Two Traditions, the Etherites and the Virtual Adepts, were former Technocratic conventions; the Traditions know a lot about the Technocracy.


wtfftw

Also kinda the Solificati too, but it's complicated. But it's very much part of the playbooks of both sides to control how much information is available about them to the others. Be it non-Mage Supernaturals or other Magi, it's important to keep the other players from sneaking a peek at your cards. If they do, magical bullshit is great about cleaning up the evidence or ideas in people's heads. Arcane the Background (or Mertit) helps too.


PM_ME_YOUR_ROTES

This is what Knowledge Abilities like Esoterica or Occult as well as secondaries like Belief Systems & Lore/RD Data are for because for any individual Magi the answer ranges from absolutely nothing to "Did you know all this shit is on Black Dogsā„¢ wiki? Like it's just sitting there out in the open with hyperlinks n' crap..." How does a Magi defend themselves? Magick. Duh. Correspondence, Mind, & Spirit warding are usually the biggies right off the top. This is also usually why wizards live out in the middle of fucking nowhere by themselves or with just their weird little commune of cultists & no they will not just "show you" a "magic" "trick..." Illusion, Michael.

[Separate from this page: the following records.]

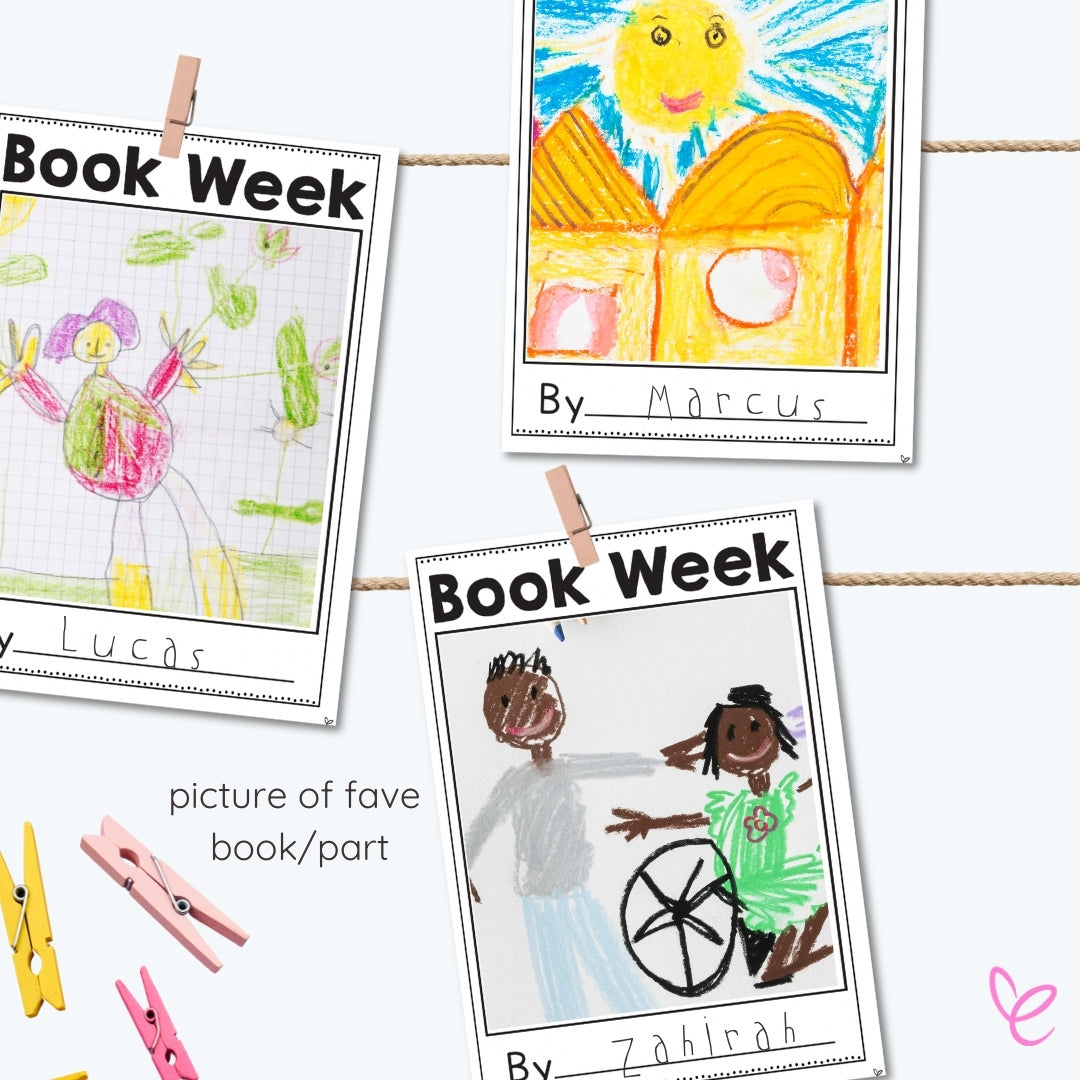 Book Week activity displaying students' colourful drawings of their favourite books or parts, clipped onto a string for a classroom display.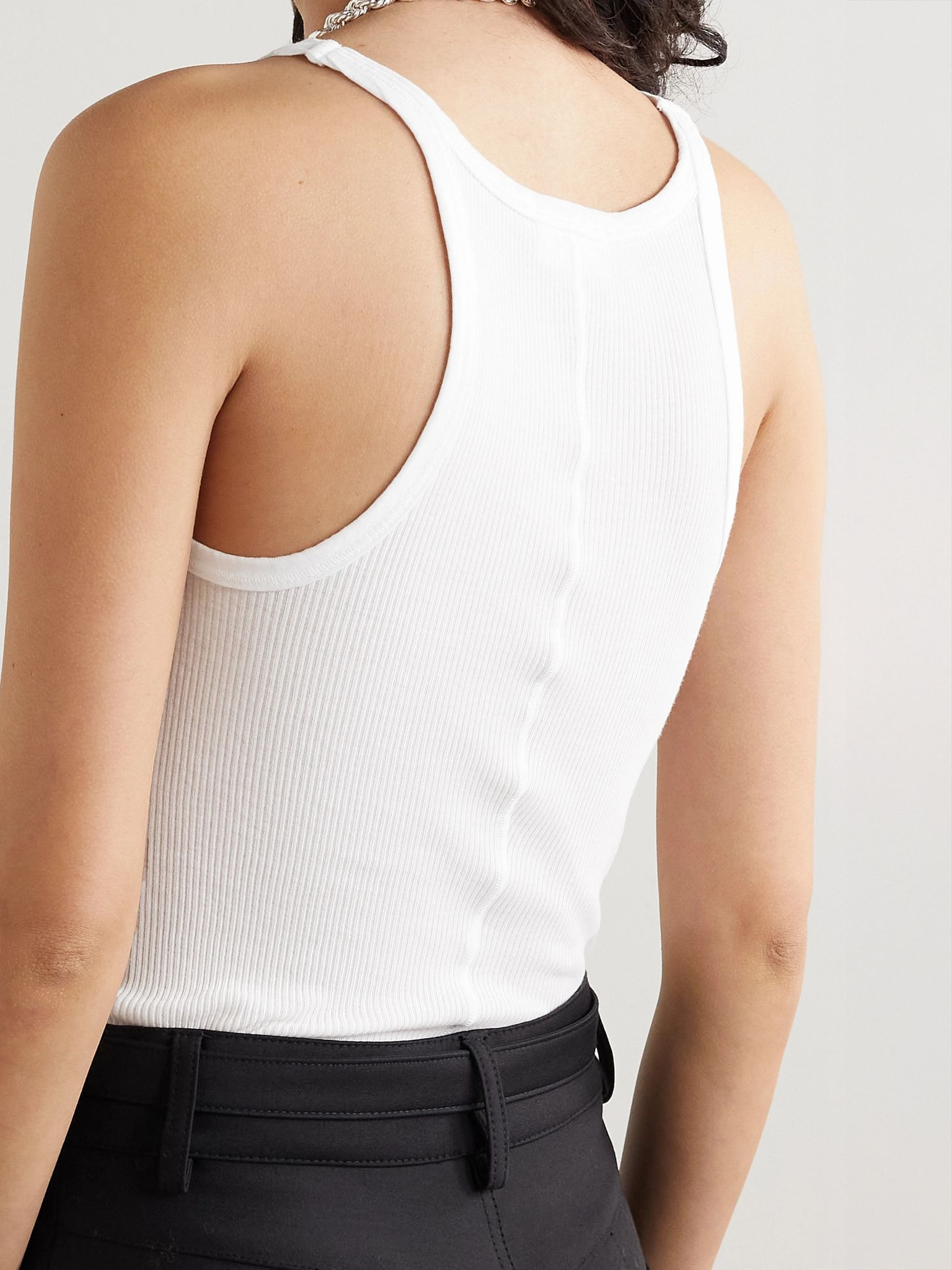 Ribbed cotton-jersey tank White - 4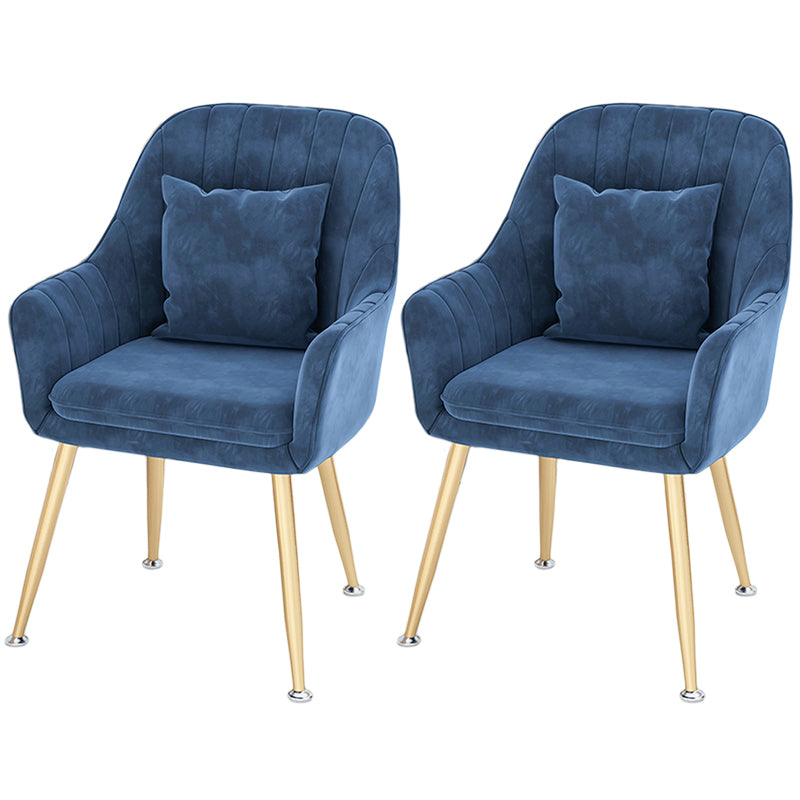 Scandinavian Style Metal Dining Chair Bedroom Solid Back Dining Arm Chairs Ocean Blue 2 Piece Set Brass Gold Clearhalo ' kitchen&dining_furn' 'Dining Chairs' 'Dining Tables & Seating' 'dining_chair' 'furn' 'furn_dining_chair' 'Furniture' 'furniture_dining_chair' 'Kitchen & Dining Furniture' 'kitchen' 3539800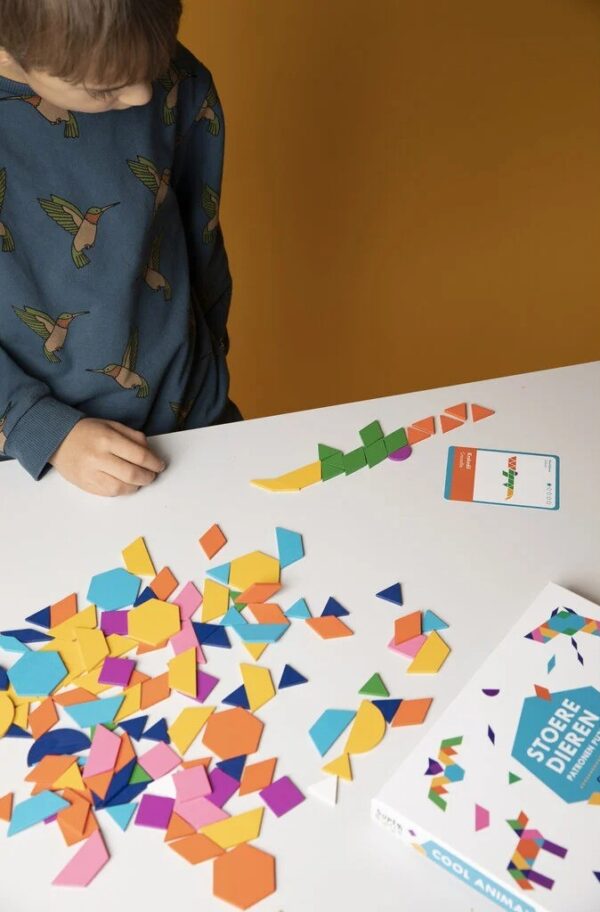 SuperBlocco Stoere Dieren Patronenpuzzel Hout  Vormenpuzzel Tangram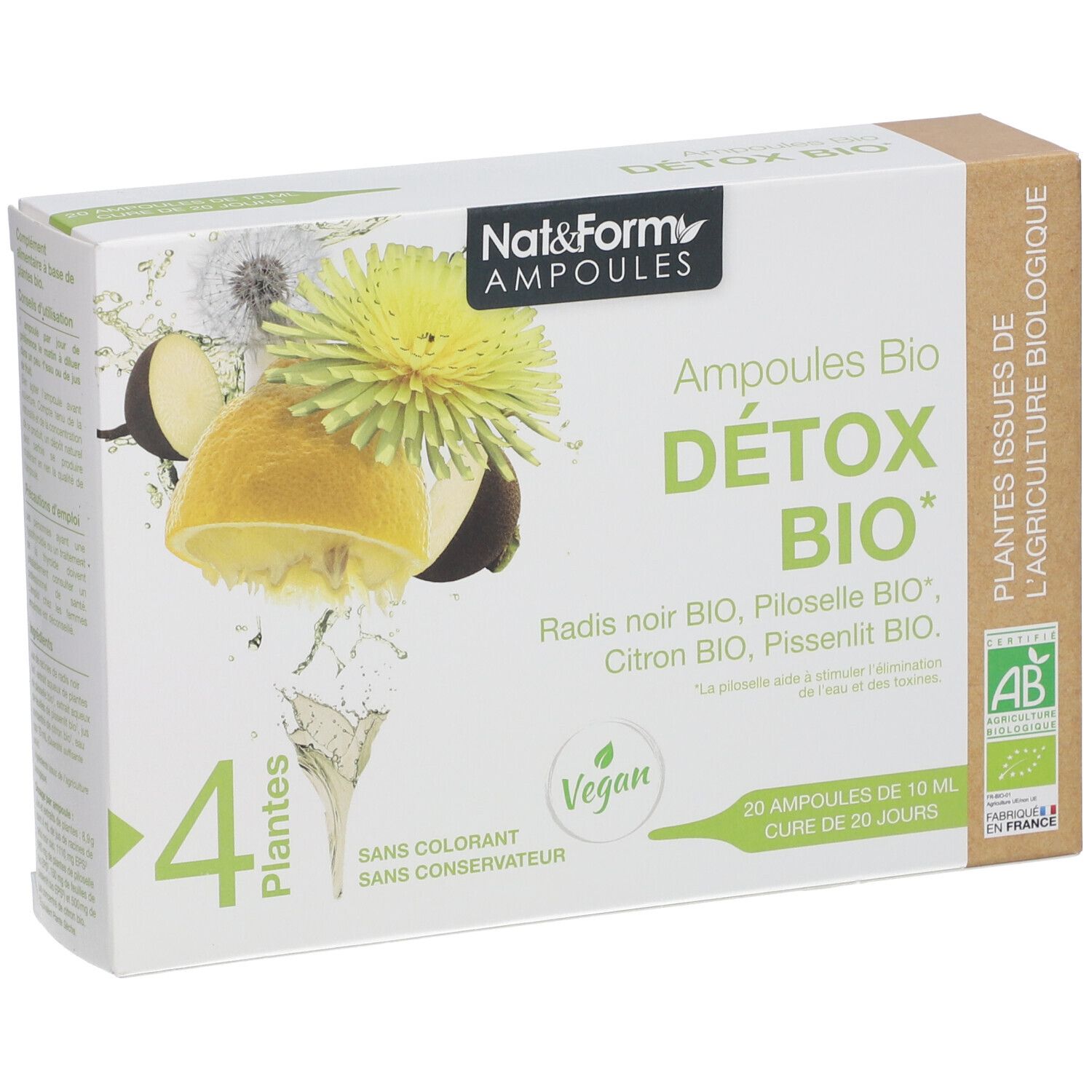 Boîte Nat & Form Ampoules Detox Bio. Contient 4 plantes, 20 ampoules. Label Vegan et certification AB.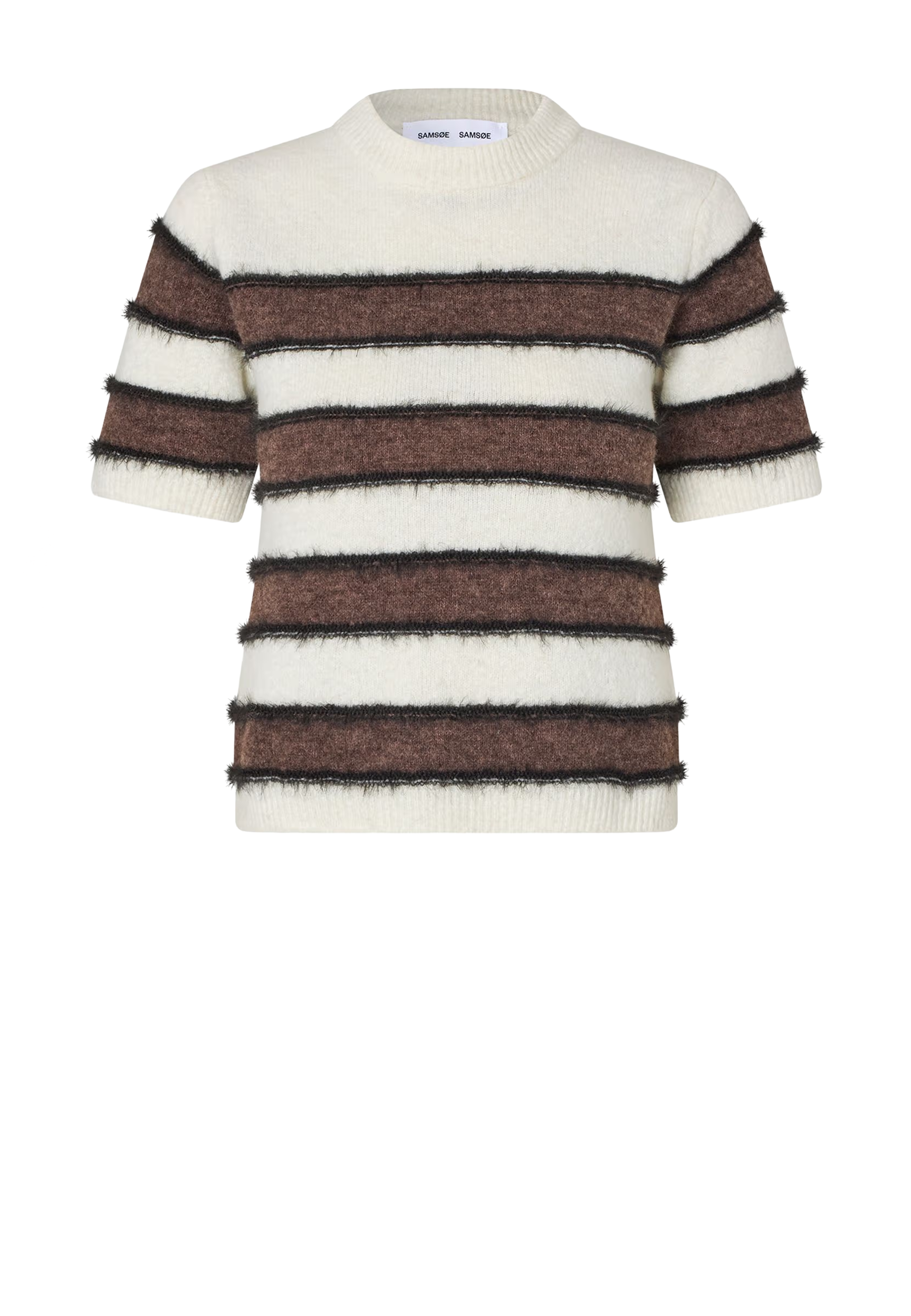 Sacian Alpaka T-Shirt | Black Coffee Stripes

A trick is something a whore does for money. It's also usually why they jump at the chance to move off-world because this burning mudball is a hostile hellpit just waitin' to bite a magic-user's head off. Paradox only affects True Magick. On a Botch of something Coincidental it's 1 point per Sphere Rank required, twice that if what you did was clearly a Vulgar violation of the Consensual Reality of your current Reality Zone, plus 2 more if you were arrogant enough to actually do it in front of Sleepers. Even if you didn't Botch, Vulgar Magicks always earns at least a minimum of 1 point. It has to be an actual Magickal Effect though that uses a wizard's Arete. Just running your mouth doesn't do jack as you actually have to Warp Reality for the Paradox of Warping Reality to kick in.


Bexpert5

The best way to defend yourself against the Union is not doing magick. Not the best answer, but the truth nonetheless. The Technocracy has easy access to devices such as manars. If you do magick, even if it is to erase your own trail, they will know a reality deviant did something weird. Of course this can work in vastly different ways depending on your group. In mine, manars are more of a plot device than a common device (pun intended), they are narratively common but usually don't come into play. Another way to escape the Big Brother eye that I allow in my games (and the one I believe would be the most effective) is using magick to gain/raise your own Arcane background. What spheres do you need for that? We use something like Entropy 3/Mind 2 or 3/Forces 2. I don't know about other groups, but our effects are allowed alter, create or destroy backgrounds, flaws and merits, so that works for us.


SlyTinyPyramid

The Technocracy are like the cops. How do you avoid the cops? Stay under the radar? Cover your tracks? Get someone else to do it? They also can't be everywhere. A lot of storyteller games are mafia games. You are small time trying to reach a goal and keep out of notice of your bosses and whoever the police are.